**Assignment**. Please transcribe the data below in full. Omit any picture you find in it.

**Supplied information**.

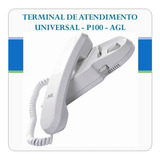 Monofone Extensão Interfone Porteiro Agl P100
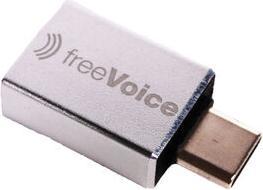 Produktbild FreeVoice Connect 102 USB Adapter (USB-A Buchse ->USB-C Stecker)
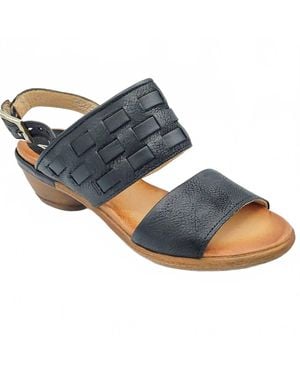 Miz Mooz Constance Heel Sandal - Blue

**Response box**.
 Monofone Extensão Interfone Porteiro Agl P100
 Produktbild FreeVoice Connect 102 USB Adapter (USB-A Buchse ->USB-C Stecker)
 Miz Mooz Constance Heel Sandal - Blue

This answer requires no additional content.